Felipe Calderón no supo que Genaro García Luna se enriqueció a costa del erario, que encarcelaba inocentes para “resolver casos”, ni que tuvo relación con grupos criminales. Y esto, a pesar de que, entre otros, el comandante de la Policía Federal, Javier Herrera Valles, le escribió, al inicio de su gobierno, denunciando que García Luna estaba contratando personal que tenía vínculos con el crimen organizado, que no pasaban los controles de confianza y que incurría en múltiples irregularidades administrativas.
Jorge Romero, hoy presidente nacional del PAN, no sabía que cuando era alcalde de la Benito Juárez, dos de sus subalternos, el director jurídico, Luis Vizcaino Carmona y, su director de obras y desarrollo urbano, Nicias René Aridjis, se enriquecieron asociándose con empresas constructoras a las que les permitieron: construir en zonas que no tenían uso de suelo, hacerlo sin tener permisos de construcción y que levantaran niveles extras no permitidos. Esto, a pesar de que organizaciones vecinales, como el Consejo Coordinador Vecinal, fueron documentado cada atropello y denunciándolo ampliamente.
Nadie, sin pruebas, los puede acusar de estar mintiendo. Quizá, efectivamente, no lo sabían. Lo que es sorprendente —por decir lo menos— es que después de haberse equivocado al escoger a sus colaboradores, de no haber sido capaces de escuchar las voces que les advertían lo que estaban haciendo esos colaboradores, y de que eso se haya traducido en afectaciones serias para las colectividades que tenían a su cargo, piensen que pueden seguir, y sigan, sus carreras políticas como si nada.
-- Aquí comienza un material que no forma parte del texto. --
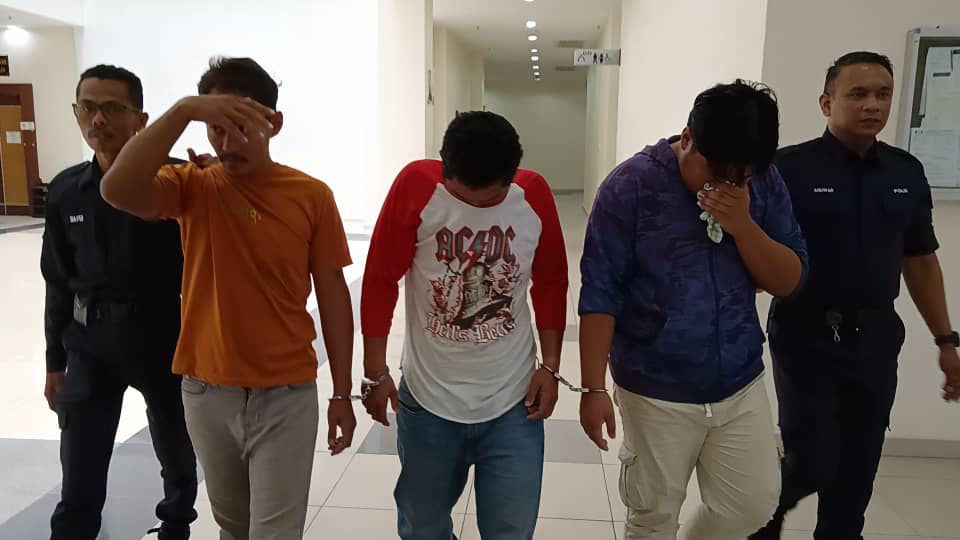 Budak U antara 3 didakwa liwat, amang seksual gadis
Adán Augusto no ve razones para renunciar a la coordinación de los senadores de su partido; Jorge Romero pasó de esa pésima gestión local a encabezar el PAN a nivel nacional (hoy ocupa el mismo cargo que tuvo un político de la estatura moral de Luis H. Álvarez).
No sólo existen las responsabilidades jurídicas, las hay también (debería haber) políticas y éticas, como lo señaló Arturo Zaldívar, en su famosa recomendación sobre el caso de la guardería ABC. ¿Por qué tendríamos que confiar en ellos para un nuevo cargo si nos han demostrado su incompetencia? ¿Por qué sus partidos los encuentran aptos y les encargan nuevas e importantes tareas?
Nadie pide que se suiciden de vergüenza como los políticos de Corea del Sur, pero un poco de decoro, de humildad, quizá dar una explicación, ofrecer una disculpa. ¿Será mucho pedir?
Nos urge una cultura de la responsabilidad.